Before we go any further I think it is important to clarify a couple of related but distinct concepts regarding “time variation” in survival analyses, as “tvc” is an acronym with two different definitions depending on the context in which it is used.

3.1 tvc (time-varying covariate)

In perhaps the more common usage, “tvc” can represent a time-varying covariate (also known as time-dependent covariate (tdc)). This is a covariate whose values change over the duration of one’s observation period, but whose ‘effect’ on survival typically remains constant. A good example here would be different time periods in which a person received treatment or not. Time-varying covariates are constructed as multi-row (i.e. counting process) data where each row contains a non-overlapping time period defined by a different treatment covariate value. PH may still be assessed with counting process data and if no violation is noted, a constant HR over the duration of observation may be assumed.

3.2 tvc (time-varying coefficient)

Now, without intending to create confusion, “tvc” may also represent a time-varying coefficient (also known as time-dependent coefficient (tdc)). This is associated with a covariate whose baseline values remain constant over the duration of observation, but whose ‘effect’ on the risk of an event can indeed change with time. In other words, the HR varies with time. Data are typically formatted as one-row per person.

3.3 Well is it tvc or tvc?

In a survival analysis, one may have:

Neither time-varying covariates nor time-varying coefficients (single-row/person, constant HR).
Time-varying coefficients but not time-varying covariates (single-row/person, time-varying HR).
Time-varying covariates but not time-varying coefficients (multi-row/person, constant HR).
Time-varying coefficients and time-varying covariates (multi-row/person, time-varying HR).

In today’s post, the examples and discussion I provide will only focus on scenario 2. The addition of time-varying covariates into analyses with time-varying coefficients (scenario 4) complicates matters significantly and I’ve made the decision not to tackle this for the time being (although I may come back to this in a later post).

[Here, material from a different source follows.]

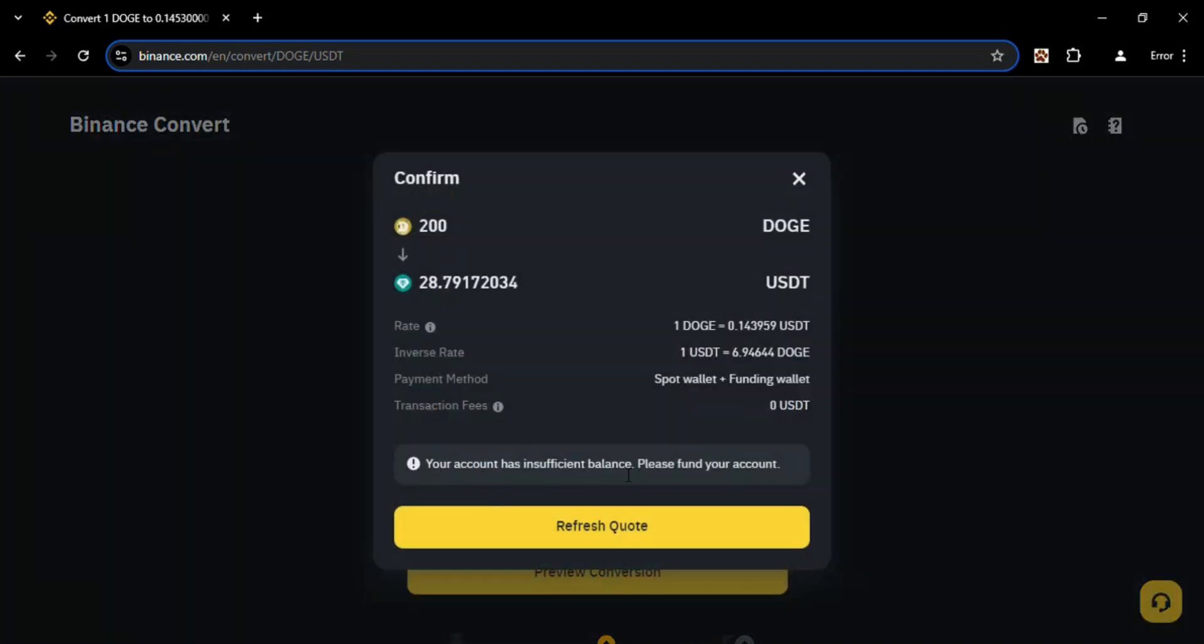Your account has insufficient balance because I don't have that much Dodge to convert. But if you have that much Dodge, instead of Refresh Quote it will be written Confirm. So you just have to click on Confirm and that is how you can convert Dodge into USDT.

But now that we’ve cleared that up, let’s get back to the issue at hand.

4 Testing for Proportional Hazards

There are essentially three approaches to testing the PH assumption, although dare I say most of us probably only ever use the first.

Goodness of Fit (GOF) tests.
Graphical assessment.
Time-dependent variables.

To illustrate these approaches we’ll use the veteran dataset that is built into R’s survival package. Details can be found here but, in brief, the data consist of survival times for 137 lung-cancer sufferers enrolled in an RCT of two treatment regimens. The variables of interest for the purpose of today’s exercise are:

time - survival time (days)
status - censor (0), death (1)
trt - treatment [standard (1) vs test (2)]
age - age (yrs)

We’ll consider trt our primary “exposure” of interest and age a covariate to adjust for. The first few rows of the data look like:

Code

library(survival)
library(tidyverse)
library(survminer)
library(gtsummary)
library(kableExtra)
# Load veteran data from survival package
vdata1 <-  veteran
# Make treatment variable equal to 0,1 instead of 1,2 (not necessary, but I just like to work with the former)
vdata1$trt <-  as.numeric(vdata1$trt) - 1
# Create id variable and organise columns
vdata1$id <-  seq(1:dim(vdata1)[1])
vdata1 <-  vdata1 |> 
  select(id, time, status, trt, age)
head(vdata1, 10) |> 
  kable(align = "c", digits = 2)

id	time	status	age
1	72	1	69
2	411	1	64
3	228	1	38
4	126	1	63
5	118	1	65
6	10	1	49
7	82	1	69
8	110	1	68
9	314	1	43
10	100	0	70

As a precursor step let’s plot the Kaplan-Meier curves for these data - for no other reason than to calibrate our expectations for the upcoming PH tests.

Code

# Kaplan-Meier plot
km_trt_fit <- survfit(Surv(time, status) ~ trt, data = veteran)
ggsurvplot(km_trt_fit, data = veteran, size = 1, palette = c("#E7B800", "#2E9FDF"), conf.int = F,
           legend.labs = c("standard", "test"), ggtheme = theme_bw(base_size = 20))

OK, well this is interesting as it already tells us we have a problem with the trt variable. Survival curves should ideally gradually separate over time. When they appear to converge - or worse still cross - this should be a warning to us that the hazard function for one group is NOT a scaled function of the other (i.e. they are non-proportional with respect to time). While this is a fairly obvious violation in this example, it is not uncommon for non-proportionality to appear more subtle in KM plots leaving us unsure as to whether there may be a problem or not. Not to worry though - that’s why we have these additional tests we can employ, and which I will discuss now!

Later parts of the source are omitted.